There is a tremendous lack of control with adoption. How quickly the process moves, whether the agency approves you, whether you’re selected by an expectant mother/couple (if you’re doing a private adoption)…all are beyond your control. One thing you can control though, is the type of adoptive situation that you pursue.

A couple of people have (unsolicited, of course) told me the type of adoption that we “should” be doing. I see it a lot when a celebrity adopts too – people discussing how they adopted the “wrong” way. They argue that adoption overseas is the best, because “those poor children need homes,” or that domestic adoption is best because “there are lots of children who need homes over HERE,” that private adoption is best because “those kids won’t be damaged,” or that adopting from foster care is best because “they need stability.”

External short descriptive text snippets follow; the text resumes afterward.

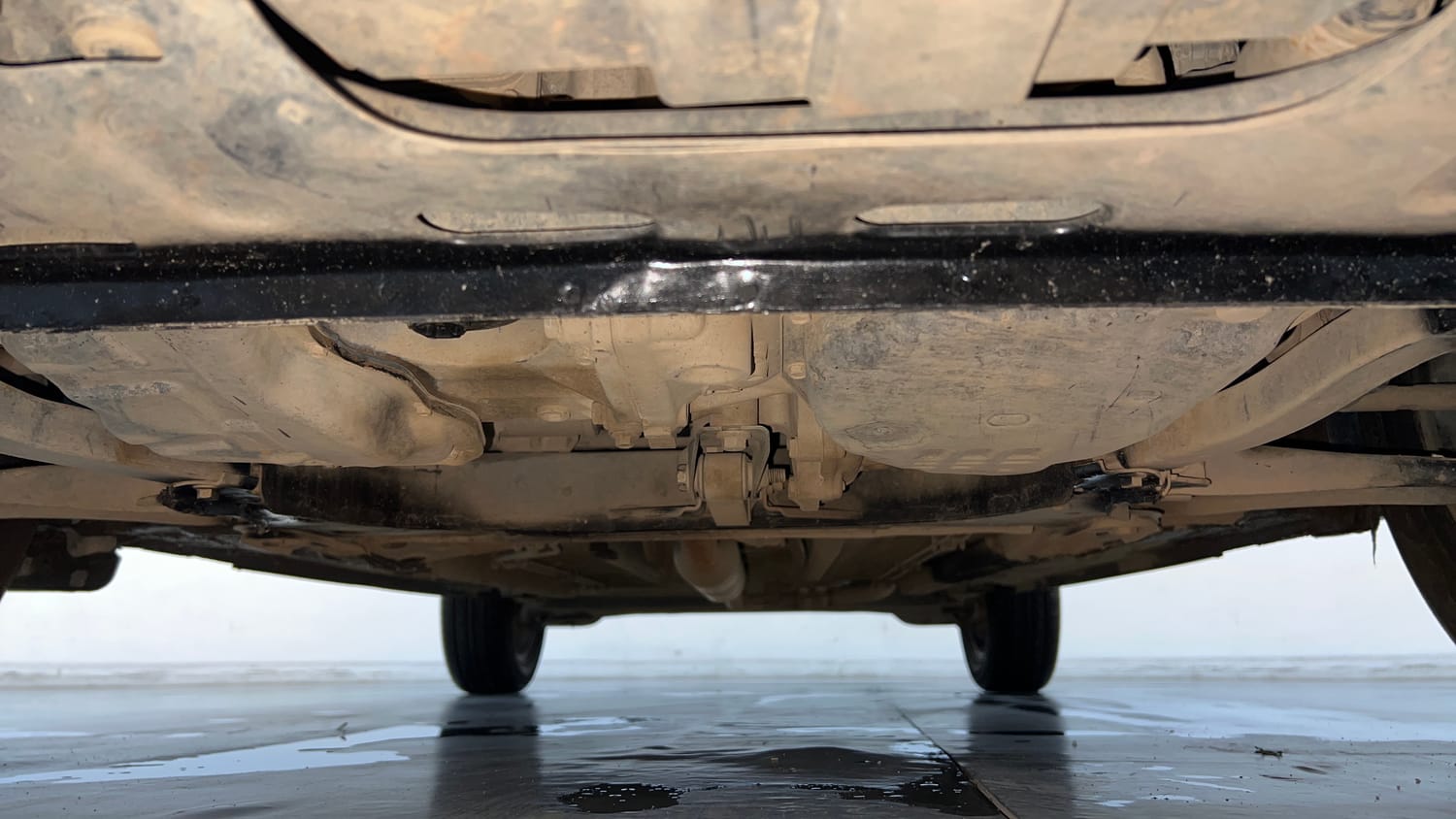Used 2021 Nissan Magnite XV Turbo CVT Petrol Automatic extra FRONT LEFT UNDERBODY VIEW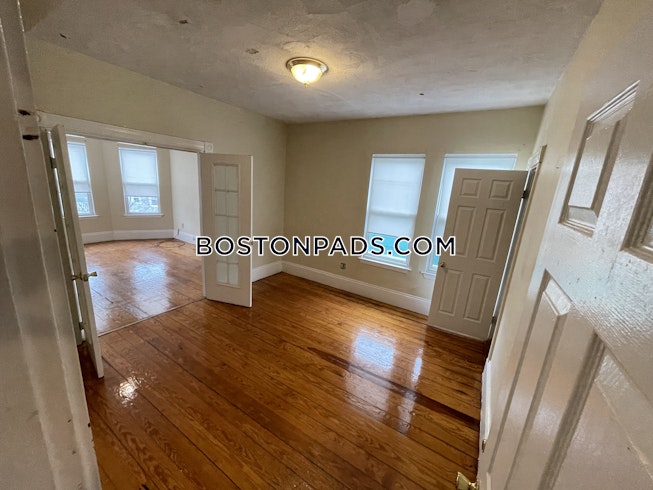 Boston - $2,695 /mo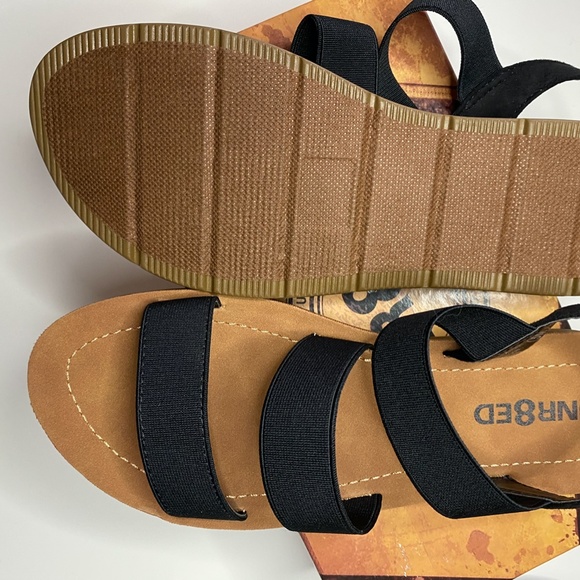 Girls sandals - Picture 2 of 2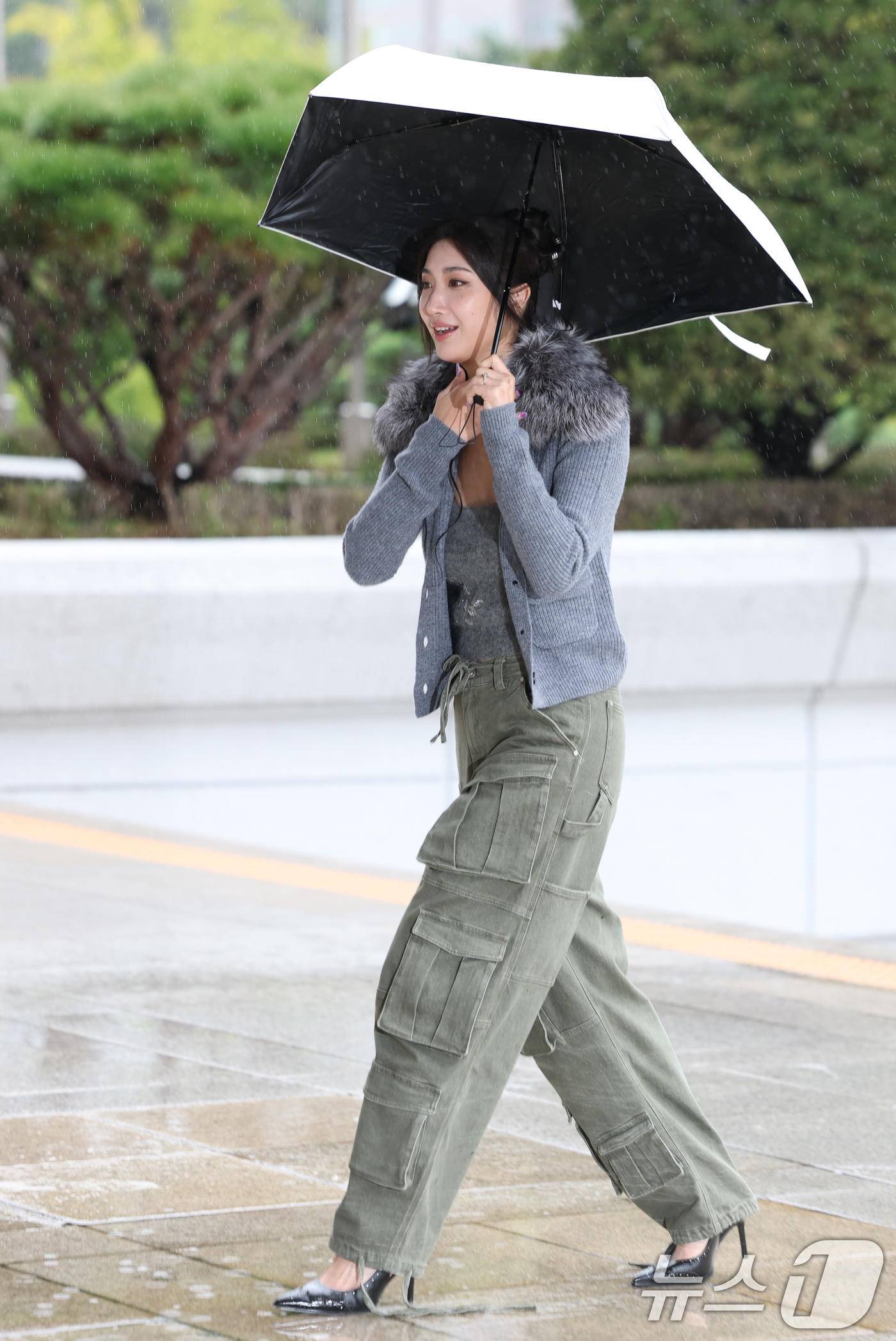 (서울=뉴스1) 권현진 기자 = 가수 겸 작곡가 이재가 라디오 '이은지의 가요광장' 출연을 위해 13일 오전 서울 영등포구 KBS 본관으로 들어서고 있다.이재는 네플릭스 애니메이션 …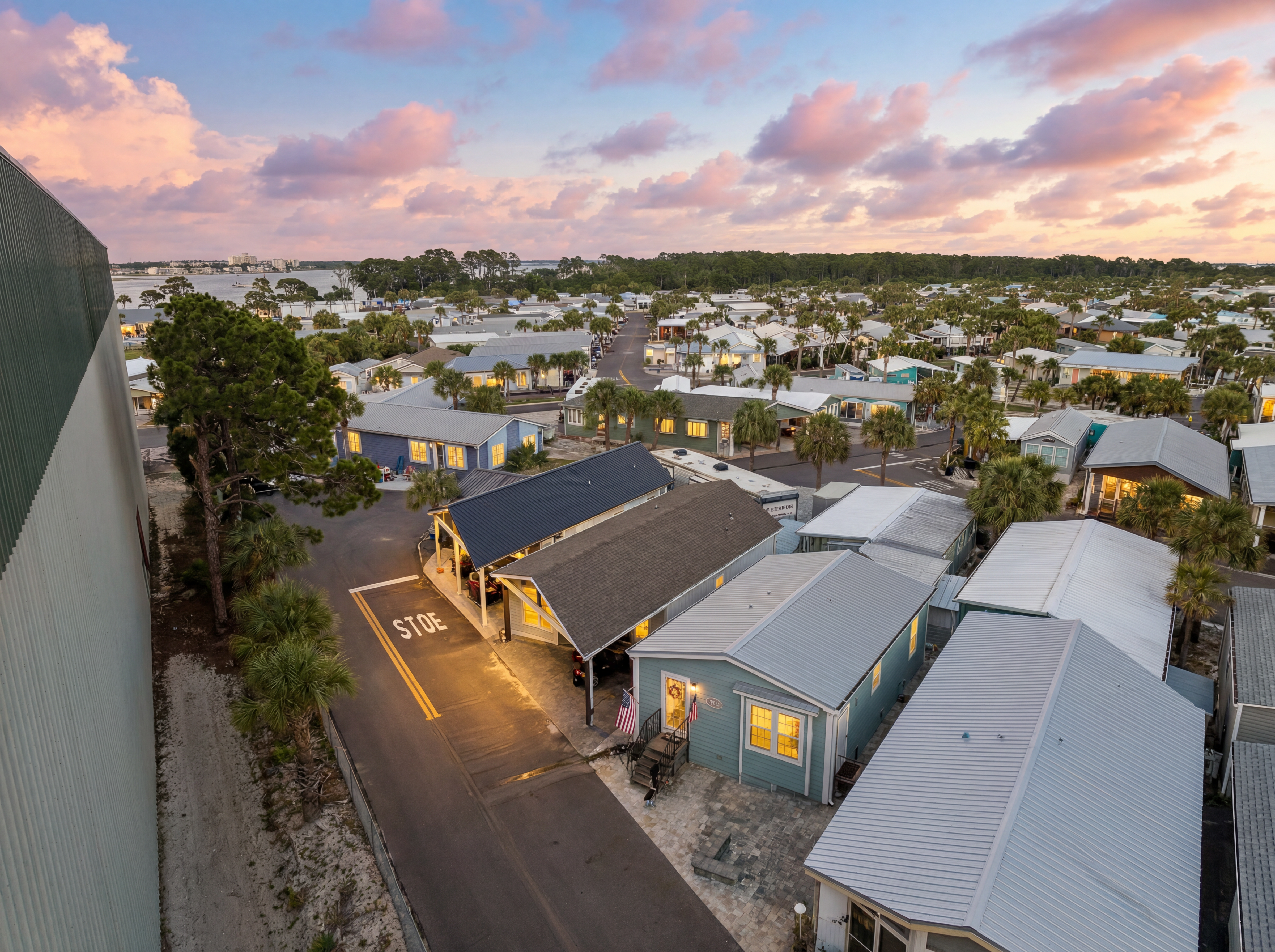  Turnkey Coastal Cottage With Resort Amenities In Gated Waterfront Community - 物件實景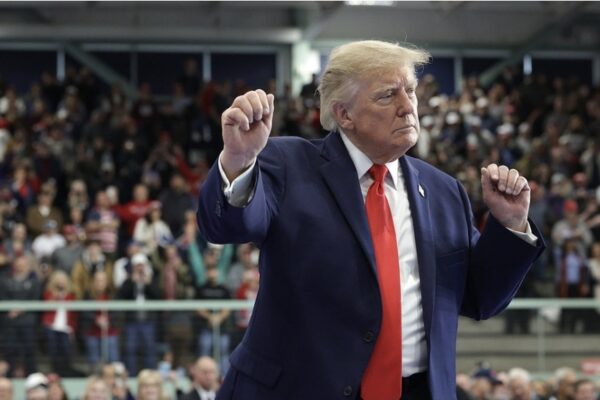 Trump anuncia uno de los “mayores compromisos de la historia” para un megaproyecto energético en Alaska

News flash: no child is more deserving of adoption than another!

Other news flash: we aren’t adopting to “save” a child.

A common misconception about adoption is that it’s about saving a child from a terrible fate. Sometimes, that might be true. And sometimes, that might be an individual or couple’s sole motivation in deciding to adopt. I think most people adopt predominately for the not-entirely selfless reason of wanting another child in their family. I can tell you, that is the case for us.

Mark and I carefully and prayerfully made the decision to pursue adopting an infant here in the United States through an agency. It is important to us to maintain birth order (so, not adopting a child older than J) and we need to balance the needs of our existing children with needs of the child we adopt, meaning it’s not in the cards to adopt a child with significant special needs. If chosen as adoptive parents, we would like to have an ongoing relationship of some sort with our child’s first parents. For all of these reasons and more, domestic infant adoption is the right answer for our family right now.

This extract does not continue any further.